■ **Goal of the exercise**:
Restate the data below word for word. Leave the images out.

■ **Data segment**:
+ + + +
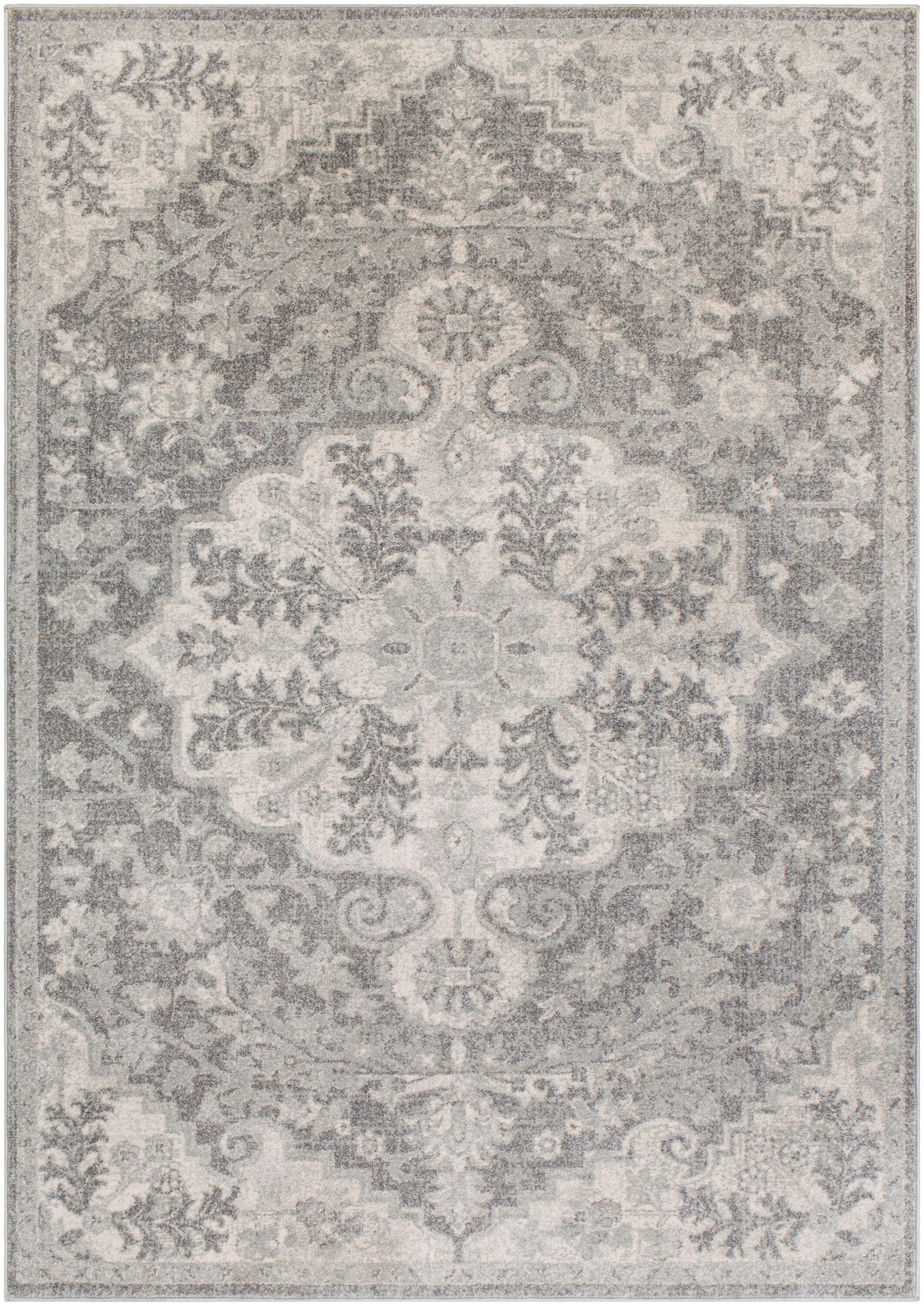 Livabliss HAP1070-23 rugs - View #2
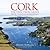 Cork: The View from Above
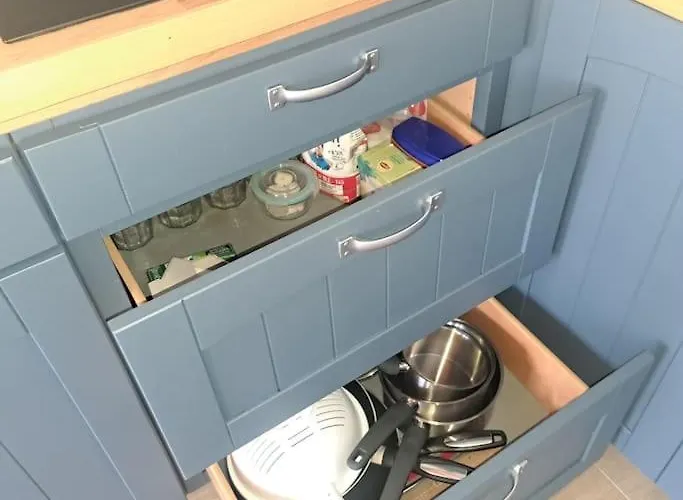 펜션 Maison De Pecheur Au Calme Brétignolles-sur-Mer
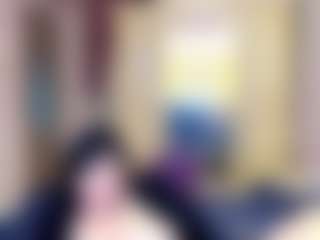 Live cam show with MilfDomina69 - Mature on fapnchat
+ + + +
■ **Expected answer**:
 Livabliss HAP1070-23 rugs - View #2
 Cork: The View from Above
 펜션 Maison De Pecheur Au Calme Brétignolles-sur-Mer
 Live cam show with MilfDomina69 - Mature on fapnchat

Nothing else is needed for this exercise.